Given the entries that follow, write out exactly the lines starting at the one containing "Picture of a cat / kitten / feline" and ending at the one containing "Coleus scutellarioides 'Stained Glassworks Trailing Plum' Coleus", both ends included, and only those.
Given entries: Begin
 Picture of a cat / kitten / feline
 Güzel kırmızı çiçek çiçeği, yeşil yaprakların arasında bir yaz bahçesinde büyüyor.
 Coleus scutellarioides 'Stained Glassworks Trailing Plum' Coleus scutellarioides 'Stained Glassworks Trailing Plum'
Given entries: End
Given entries: Begin
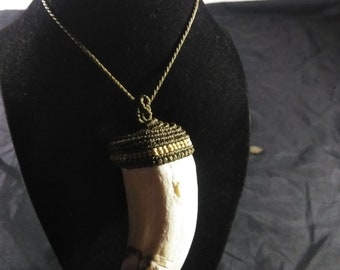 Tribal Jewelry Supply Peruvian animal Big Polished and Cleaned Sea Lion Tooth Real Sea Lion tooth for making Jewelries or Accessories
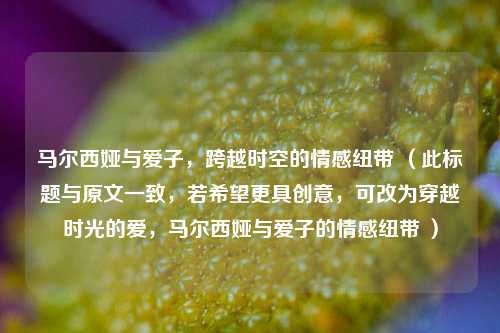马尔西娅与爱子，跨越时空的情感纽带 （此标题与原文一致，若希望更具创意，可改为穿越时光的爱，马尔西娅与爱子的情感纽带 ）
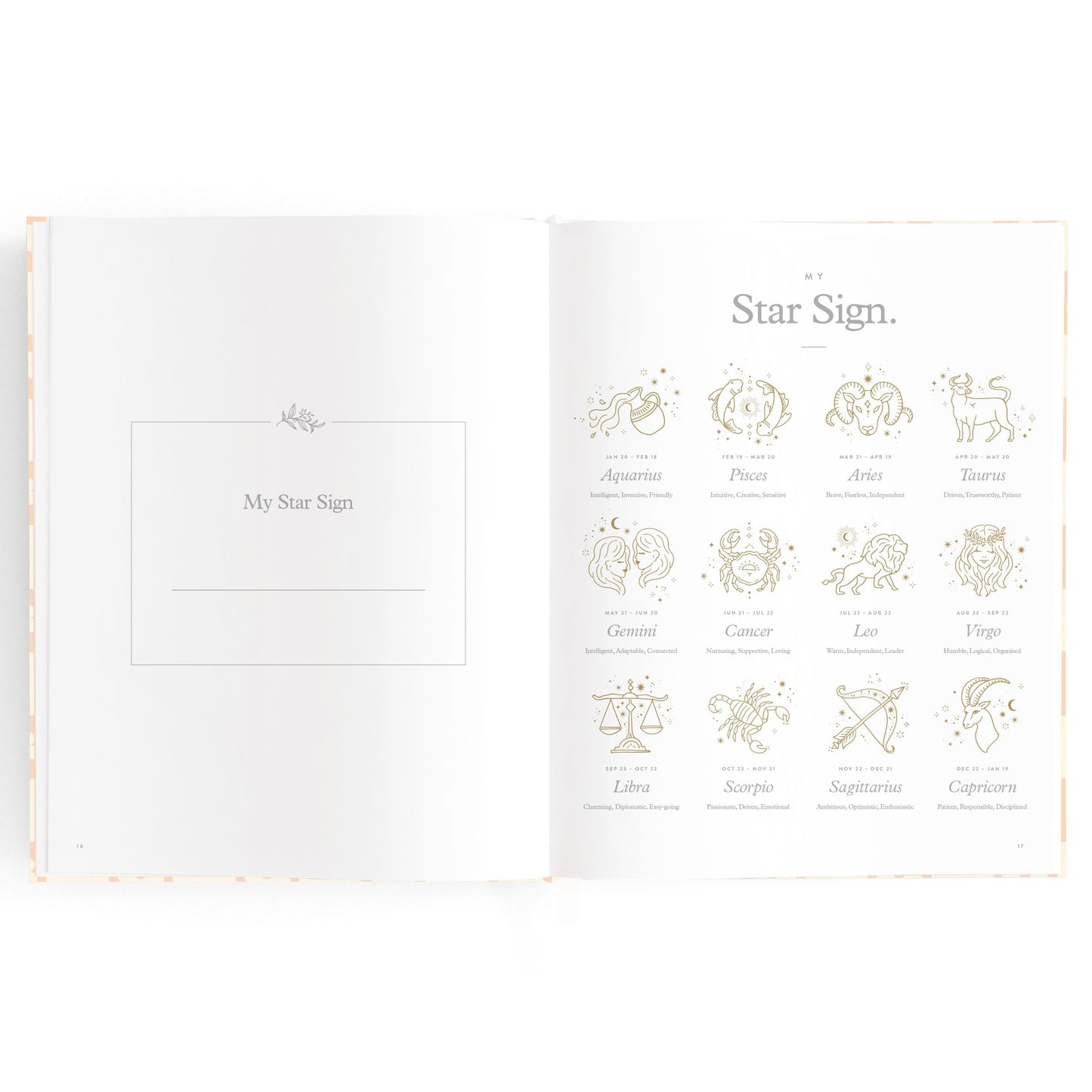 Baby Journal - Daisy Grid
Given entries: End
Given entries: Begin
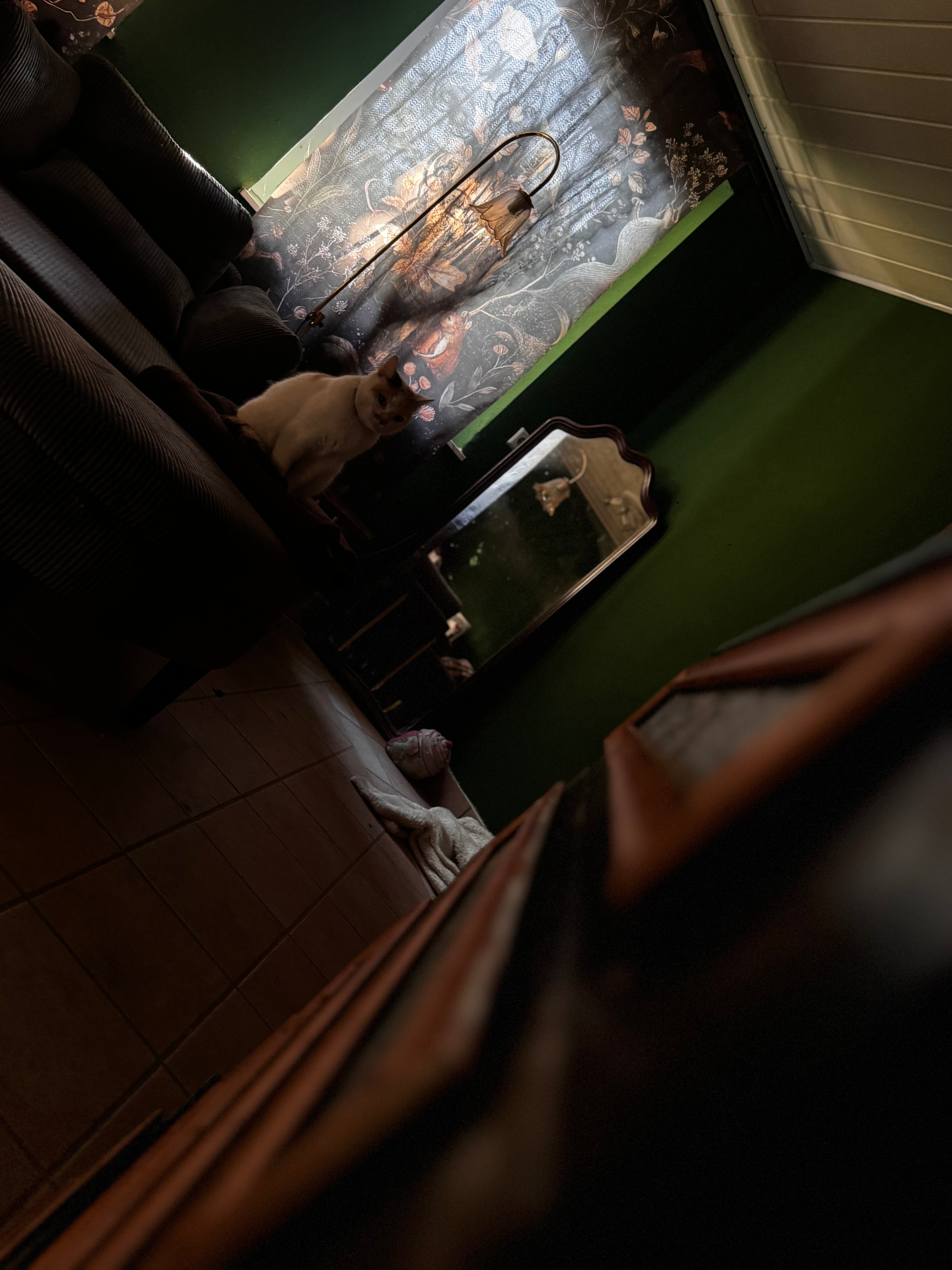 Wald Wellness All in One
Given entries: End
**Solution to the exercise**
 Picture of a cat / kitten / feline
 Güzel kırmızı çiçek çiçeği, yeşil yaprakların arasında bir yaz bahçesinde büyüyor.
 Coleus scutellarioides 'Stained Glassworks Trailing Plum' Coleus scutellarioides 'Stained Glassworks Trailing Plum'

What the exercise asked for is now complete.